• _YOUR GOAL_
Transcribe the listing exactly; drop the images.

• _DATA SECTION_
- Opening Delimiter -
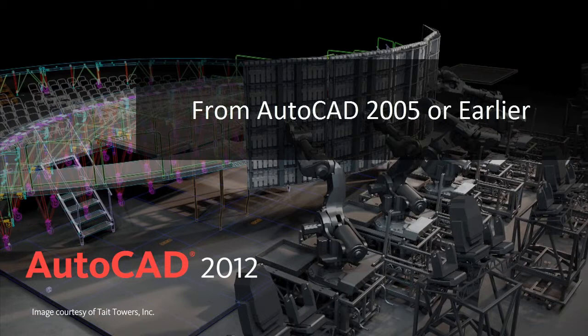Design and shape the world around you with powerful, flexible features in AutoCAD 2012.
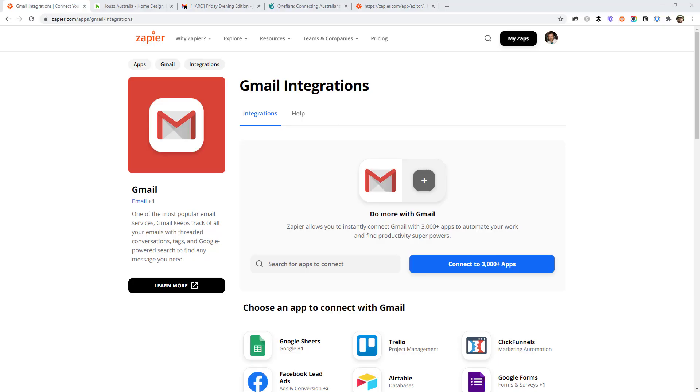The first thing you want to do is come over to the Gmail integrations page on Zapier. You can see the URL here, but I've also linked this up in the video description below. This is where you can find out about all the different things you can do with Gmail in Zapier.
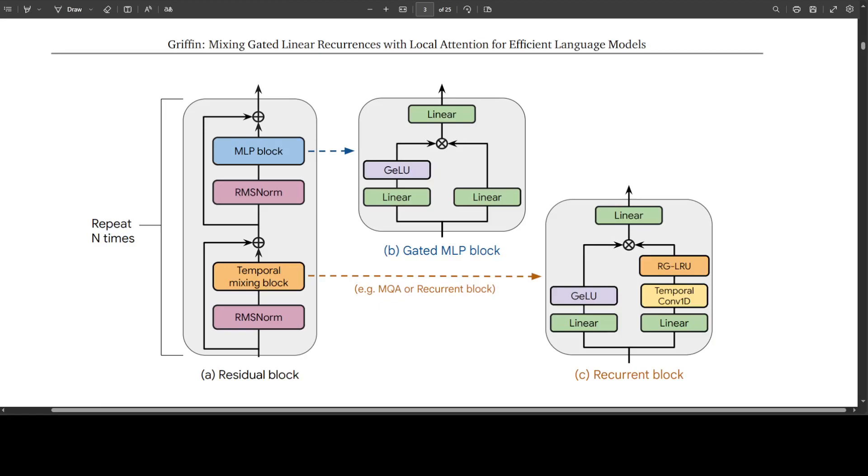So the residual block defines the global structure of their models and is inspired by pre-norm transformers. After embedding the input sequence, they pass it through n such blocks and n denotes the model's depth and then they apply a RMS norm to produce the final activation. To compute the token probabilities, they apply a final linear layer followed by a softmax. The weights of this layer are shared with the input embedding layer as you can see in this diagram.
- Closing Delimiter -
• _ANSWER FOR THE TASK_
Design and shape the world around you with powerful, flexible features in AutoCAD 2012.
The first thing you want to do is come over to the Gmail integrations page on Zapier. You can see the URL here, but I've also linked this up in the video description below. This is where you can find out about all the different things you can do with Gmail in Zapier.
So the residual block defines the global structure of their models and is inspired by pre-norm transformers. After embedding the input sequence, they pass it through n such blocks and n denotes the model's depth and then they apply a RMS norm to produce the final activation. To compute the token probabilities, they apply a final linear layer followed by a softmax. The weights of this layer are shared with the input embedding layer as you can see in this diagram.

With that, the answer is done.